ここで谷原さんを持ってくるあたりが、世の中、毒舌を求めてないってことじゃないですか。爽やかで穏やか。声だけ聞いてても、何となく“いいことを言っている”感じがする。でも、中身があることを言うかは別。だって芸能人の話はしづらいでしょうからね。例えば俳優が薬物で捕まっても、同じ俳優として当たり障りのないことしか言えないでしょうし。となると、他番組同様、あまり芸能ニュースも取り扱わなくなるのかなと思います」

 ひと昔前より、MC、そしてコメンテーターの顔ぶれも随分変わった。特に最近では、コメンテーターを務める芸人も増え、まさかフワちゃんやロンドンブーツ・田村淳など、バラエティーを得意とする芸人がニュースを扱う番組に朝から出演するなんて、思ってもなかったのではないだろうか。世間からは「ワイドショー芸人はいらない」という批判的な声も少なくないが……。

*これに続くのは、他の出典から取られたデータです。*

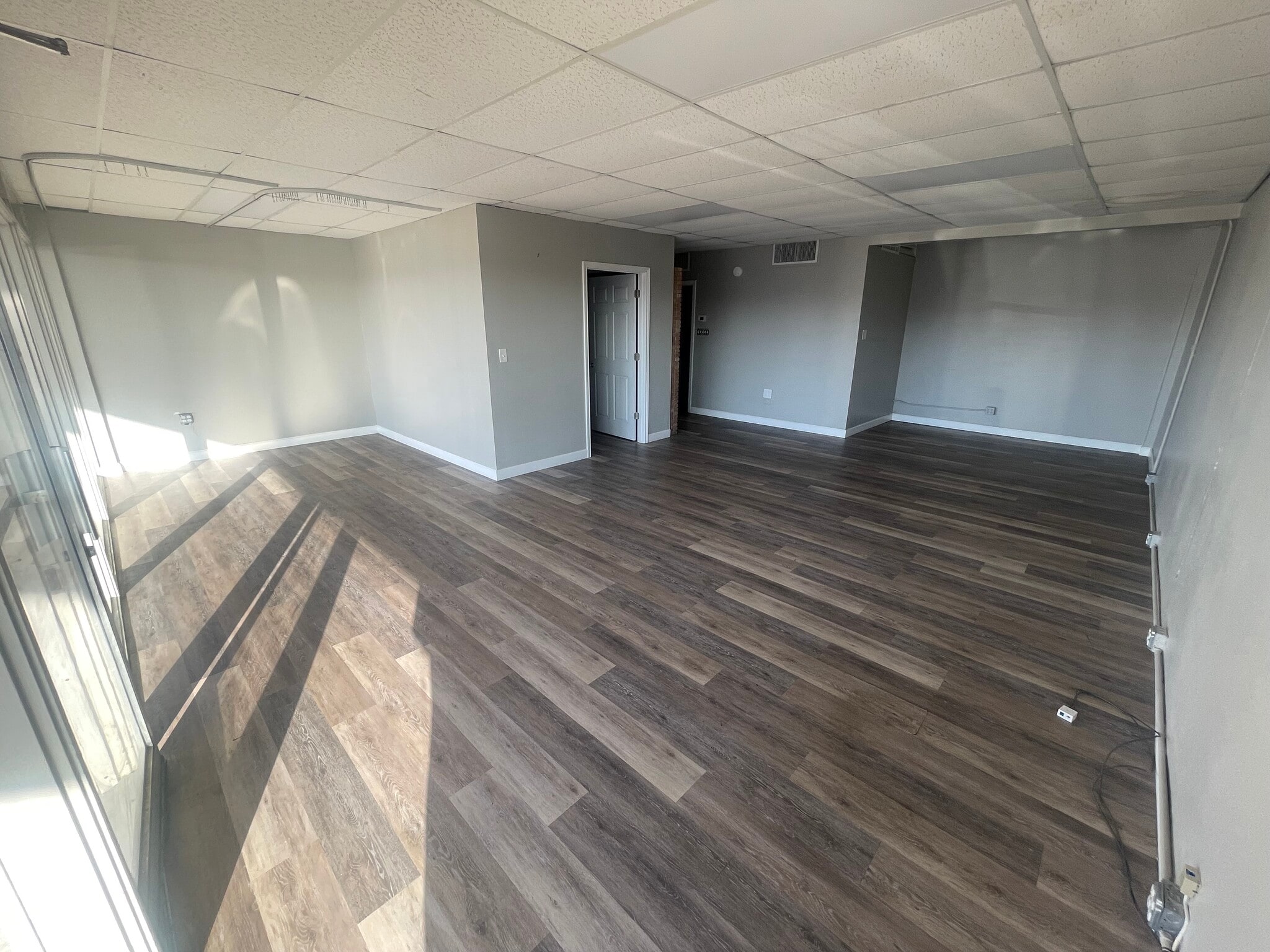 1123 E 9th St, Mission, TX for lease Interior Photo- Image 1 of 2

芸人さんの中でも、一歩抜きん出たコメント能力を発揮する人もいるじゃないですか。カズレーザーさんとか、ちょっと前はオリエンタルラジオの中田(敦彦)さんとかは頭もいいし、コメンテーターとしてはよかったんじゃないですかね。だから私は一概に芸人がダメってわけでもないと思う。どこの番組も同じようなネタを扱って、テレビ業界に盾をつかない人ばかり使っていたら、それこそつまらなくなるわけですから」

 ではワイドショーに、足りないもの。それはいったい何なのか。

女性がメインの番組って少なくないですか? 大下(容子)さんの番組くらいで。コメンテーターにいる、弁護士の萩谷麻衣子さんとか、脳科学者の中野信子さんは、聡明で非常に理論的、多少の毒を盛り込みながらも、私はこう思う、といった形で主張もできる。でもそういう女性はいつもサブポジションなんです。和田アキ子さんや上沼恵美子さんとか年配の方でもなく、ミドルエイジの女性がメインを張る番組が増えたら、新しいし面白いのかなって思います

 東京五輪・パラリンピック組織委員会の森喜朗前会長の女性蔑視発言が問題視され、女性の活躍の場が見直される昨今。ワイドショーに新たな風を吹き込む“キー”となるのは女性か、それともーー。